La prorettrice Poggio contro Cia: «Sì, al Pride c'ero anch'io»
La prorettrice dell’Università di Trento Barbara Poggio non ci sta. Dopo le «indagini» del consigliere Claudio Cia sulle pagine Facebook delle educatrici (peraltro idea suggerita dal leghista Binelli), che ha scandagliato il loro privato portando numerosi «capi d’accusa» come l’aver partecipato al Dolomiti Pride, la professoressa dell’Università ha pubblicato su Facebook una vera e propria «confessione». Corredata da una immagine significativa: una donna marchiata a fuoco con la lettera A, citazione dalla «Lettera scarlatta» di Hawthorne, autore americano, sulla vicenda delle donne marchiate a fuoco perché considerate «adultere» o «ribelli» se erano ragazze madri che non volevano rivelare il nome del padre.
Poggio si rivolge dunque alla rete: «Ci ho pensato a lungo, dopo aver letto la denuncia del Consigliere Inquisitore Antigender (CIA) sul pericolo che tra le formatrici dei corsi di educazione alla relazione di genere si annidino pericolose attiviste. Una di loro infatti è stata tra i diecimila trentini che hanno partecipato al Dolomiti Pride, un’altra rientra tra il 44% di italiani favorevoli allo Ius Soli e una terza ha addirittura espresso il suo entusiasmo per la nazionale italiana di volley femminile (ahimè, in questo caso non si dispone di dati sulla condivisione dell’entusiasmo, ma si sa che più di 6 milioni di italiani le hanno seguite col fiato sospeso nella finale dei mondiali).

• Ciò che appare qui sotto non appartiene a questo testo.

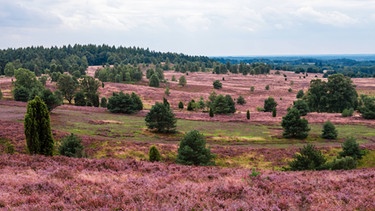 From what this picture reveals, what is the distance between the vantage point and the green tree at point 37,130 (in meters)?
26.4

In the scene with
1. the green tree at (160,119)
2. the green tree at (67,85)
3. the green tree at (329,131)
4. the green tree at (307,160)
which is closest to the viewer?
the green tree at (307,160)

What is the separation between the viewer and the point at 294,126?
171ft

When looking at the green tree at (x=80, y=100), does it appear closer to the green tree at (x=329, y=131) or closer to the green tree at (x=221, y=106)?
the green tree at (x=221, y=106)

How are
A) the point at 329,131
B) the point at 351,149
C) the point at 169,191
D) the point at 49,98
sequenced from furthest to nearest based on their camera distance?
the point at 49,98 < the point at 329,131 < the point at 351,149 < the point at 169,191

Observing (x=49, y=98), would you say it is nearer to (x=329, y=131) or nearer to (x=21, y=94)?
(x=21, y=94)

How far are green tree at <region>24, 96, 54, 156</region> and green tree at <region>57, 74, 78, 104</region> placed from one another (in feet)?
219

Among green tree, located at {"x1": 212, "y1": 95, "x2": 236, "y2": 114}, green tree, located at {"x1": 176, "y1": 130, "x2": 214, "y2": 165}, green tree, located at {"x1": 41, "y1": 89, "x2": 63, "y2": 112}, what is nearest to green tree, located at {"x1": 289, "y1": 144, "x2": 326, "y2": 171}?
green tree, located at {"x1": 176, "y1": 130, "x2": 214, "y2": 165}

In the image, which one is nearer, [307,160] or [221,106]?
[307,160]

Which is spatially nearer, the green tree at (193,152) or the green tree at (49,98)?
the green tree at (193,152)

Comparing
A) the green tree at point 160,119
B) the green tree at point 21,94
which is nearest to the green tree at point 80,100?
the green tree at point 21,94

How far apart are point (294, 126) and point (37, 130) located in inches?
1497

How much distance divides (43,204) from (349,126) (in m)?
66.6

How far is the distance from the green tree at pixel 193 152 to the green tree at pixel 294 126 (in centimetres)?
2284

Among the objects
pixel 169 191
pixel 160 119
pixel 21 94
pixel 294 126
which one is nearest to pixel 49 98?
pixel 160 119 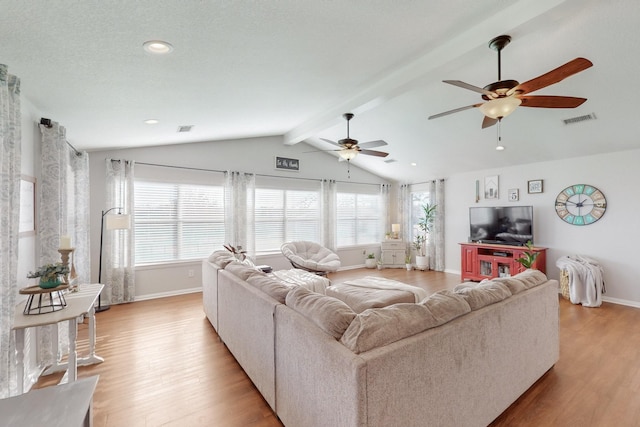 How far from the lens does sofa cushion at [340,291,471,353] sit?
53.1 inches

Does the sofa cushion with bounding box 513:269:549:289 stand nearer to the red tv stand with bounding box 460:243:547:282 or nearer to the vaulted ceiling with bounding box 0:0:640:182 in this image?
the vaulted ceiling with bounding box 0:0:640:182

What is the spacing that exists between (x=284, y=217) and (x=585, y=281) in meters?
5.48

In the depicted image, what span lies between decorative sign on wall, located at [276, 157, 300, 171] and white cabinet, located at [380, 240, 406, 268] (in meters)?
3.16

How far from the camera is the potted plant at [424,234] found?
732 centimetres

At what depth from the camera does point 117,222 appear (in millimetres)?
4078

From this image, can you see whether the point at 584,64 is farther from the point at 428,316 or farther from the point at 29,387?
the point at 29,387

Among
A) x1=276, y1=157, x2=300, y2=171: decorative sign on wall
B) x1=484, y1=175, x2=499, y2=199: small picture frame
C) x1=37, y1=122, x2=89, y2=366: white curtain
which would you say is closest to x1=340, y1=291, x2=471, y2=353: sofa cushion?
x1=37, y1=122, x2=89, y2=366: white curtain

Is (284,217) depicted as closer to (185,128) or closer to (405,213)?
(185,128)

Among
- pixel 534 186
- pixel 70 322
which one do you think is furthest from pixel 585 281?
pixel 70 322

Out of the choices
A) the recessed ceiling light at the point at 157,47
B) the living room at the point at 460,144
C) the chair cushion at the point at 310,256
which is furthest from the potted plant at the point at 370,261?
the recessed ceiling light at the point at 157,47

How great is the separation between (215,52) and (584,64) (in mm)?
2552

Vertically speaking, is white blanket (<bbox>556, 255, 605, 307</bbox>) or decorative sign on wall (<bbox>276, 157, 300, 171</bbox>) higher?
decorative sign on wall (<bbox>276, 157, 300, 171</bbox>)

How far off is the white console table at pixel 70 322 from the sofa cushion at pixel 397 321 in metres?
1.99

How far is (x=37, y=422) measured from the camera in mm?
953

E dunque eccomi qui, pronta all’autodenuncia. Lo ammetto, al Dolomiti Pride c’ero anch’io, circolano foto in cui mi si intravede dopo il gruppo di genitori dell’Agedo e prima degli Scout. Anche io, inoltre, potendo scegliere, avrei sostenuto il diritto di bambini nati in questo paese da genitori che vi risiedono da anni ad avere la cittadinanza italiana. E sì, confesso, non solo ho seguito la finale dei mondiali femminili, ma anche le partite precedenti. E ogni volta ho gioito per questa straordinaria squadra di ragazze, bellissimo esempio di come la diversità possa rappresentare un fattore vincente.
Ma non finisce qui - scrive la professoressa Poggio - c’è di più, e ora è venuto il momento di svelarlo. Ho dedicato molto del mio lavoro di studio e ricerca ai temi dell’inclusione e delle pari opportunità, occupandomi di differenze di genere, generazione, etniche, religiose e finanche di orientamento sessuale. Ho coordinato iniziative di inclusione per studenti rifugiati in università e nel mio tempo libero ho persino fatto esperienze di volontariato con persone disabili. E ho pure avuto contatti con il mondo politico: ad esempio ho partecipato ai lavori della Consulta Trentina per l’Autonomia, in rappresentanza di quelle pericolose incubatrici di attivismo che sono le associazioni culturali. Tra le persone che frequento alcune sono non trentine, altre addirittura non italiane, alcune sono diabetiche, altre (sempre di più) presbiti, altre omosessuali, molte fanno volontariato (talvolta anche con le temibili ONG), alcune hanno la pelle scura, altre ce l’hanno gialla, ho persino un amico albino e una figlia celiaca. Tra le mie conoscenze ci sono alcuni uomini che cucinano e alcuni che sanno cucire e ci sono anche donne che giocano a rugby e sanno riparare motori. Alle mie figlie ho letto libri di Bianca Pitzorno, Daniel Pennac, Mari-Aude Murail e persino uno di Anna Frank. E a loro ho preferito regalare giochi scientifici e di azione, piuttosto che bambole. Ai miei studenti parlo di temi sovversivi come l’equità di genere e il rispetto delle diversità, contribuendo a diffondere la pericolosa consapevolezza che le discriminazioni e gli abusi non rappresentino un destino naturale. E la cosa peggiore è che non sono neppure contrita e persisto nel peccato.
Vorrei quindi dire al Consigliere Inquisitore Antigender che può prendere questo post e metterlo in bella vista su qualche testata compiacente, denunciando lo scandalo per la pericolosa influenza che le mie attività e le mie frequentazioni possono avere per il futuro del microcosmo trentino e per la più generale deriva dell’umanità, in considerazione dei ruoli e delle responsabilità pubbliche che ho ricoperto finora. Mi presto volentieri a questo sacrificio se può servire a placare il suo demone interiore, ma chiedo che in cambio siano risparmiate dal livore inquisitorio e dall’apposizione di lettere scarlatte le legittime espressioni di passione ed entusiasmo civile di un gruppo di formatrici, che con professionalità e competenza lavorano per promuovere tra le generazioni più giovani l’educazione all’equità e al rispetto nelle relazioni».